Vendredi 28 août, six bombardiers stratégiques B-52 de l’US Air Force ont survolé en une seule journée tous les 30 pays de l’Otan en Amérique du Nord (2 bombardiers) et en Europe (4 bombardiers), accompagnés dans les diverses missions par 80 chasseurs-bombardiers des pays alliés. Cette grande manoeuvre appelée Allied Sky a été déclaré par le secrétaire général de l’Otan, Jens Stoltenberg, comme étant la preuve du «puissant engagement des Etats-Unis envers les Alliés et de la confirmation que nous sommes en mesure de décourager une agression».

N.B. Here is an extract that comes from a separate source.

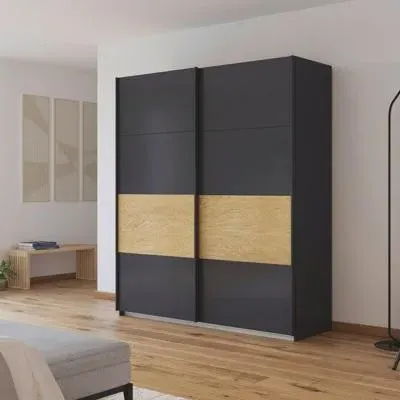 Malva 181cm 2 Door Sliding Wardrobe - Metallic Dark Grey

Les B-52, transférés le 22 août de la base aérienne Minot (Dakota du Nord) à celle de Fairford en Grande-Bretagne, ne sont pas de vieux avions datant de la guerre froide utilisés désormais seulement pour les parades. Continuellement mis à jour, ils ont conservé leur rôle de bombardiers stratégiques à longue portée. Ils ont redécouvert un nouvel emploi. L’US Air Force, avec une dépense de 20 milliards de dollars, dotera sous peu 76 B-52 de nouveaux moteurs qui permettront aux bombardiers de voler pendant 8.000 km sans approvisionnement en vol, en transportant chacun 35 tonnes de bombes et missiles conventionnels ou nucléaires.
L’US Air Force, en avril dernier, a confié au groupe américain Raytheon Co, la construction d’un nouveau missile de croisière à longue portée, armé d'une tête nucléaire, pour les bombardiers B-52. Avec ces bombardiers et d’autres, tous des bombardiers stratégiques d’attaque nucléaire, y compris les B-52 Spirit, l’US Air Force a effectué sur l’Europe depuis 2018 plus de 200 sorties, surtout sur la Baltique et la mer Noire à la limite de l’espace aérien russe. A ces exercices, les pays européens de l’Otan, en particulier l’Italie, y participent.

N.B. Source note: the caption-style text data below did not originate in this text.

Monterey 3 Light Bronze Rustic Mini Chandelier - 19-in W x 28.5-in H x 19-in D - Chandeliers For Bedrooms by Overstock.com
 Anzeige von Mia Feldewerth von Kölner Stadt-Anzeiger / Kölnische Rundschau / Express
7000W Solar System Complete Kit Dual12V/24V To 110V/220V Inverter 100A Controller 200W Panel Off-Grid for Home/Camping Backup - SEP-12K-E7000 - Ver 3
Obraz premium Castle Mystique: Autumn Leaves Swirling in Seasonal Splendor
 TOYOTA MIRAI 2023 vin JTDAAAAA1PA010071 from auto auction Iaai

Le 28 août, quand un B-52 a survolé notre pays (Italie), il avait à ses côtés des avions de combat italiens pour simuler une mission conjointe d’attaque. Immédiatement après, des chasseurs-bombardiers Eurofighter Typhoon de l’armée de l'air italienne sont partis, accompagnés d’une centaine de militaires spécialisés, en Lituanie pour prendre leur nouvelle position dans base de Siauliai (nord de la Lituanie). A partir du 1er septembre, ils y resteront pendant 8 mois, jusqu’en avril 2021, pour «défendre» l’espace aérien de la Baltique.

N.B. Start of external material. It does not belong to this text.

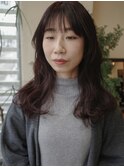 シースルーバング ボルドーカラー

C’est la quatrième mission de l'Otan de «police aérienne» effectuée dans la Baltique par notre aviation. Les avions de combat italiens sont prêts 24 heures sur 24 à décoller à la moindre alarme pour intercepter des avions «inconnus» qui sont toujours des avions russes volant entre des aéroports situés dans la Fédération de Russie et l’enclave russe de Kaliningrad à travers l’espace aérien international sur la Baltique. La base lituanienne de Siauliai, où ils sont basés, a été modernisée par les Etats-Unis en triplant sa capacité en y investissant 24 millions d’euros. La raison est claire. La base aérienne se trouve à peine 220 Km de Kaliningrad et à 600 km de Saint-Pétersbourg. Un avion de combat comme l’Eurofighter Typhoon parcourt en quelques minutes cette distance.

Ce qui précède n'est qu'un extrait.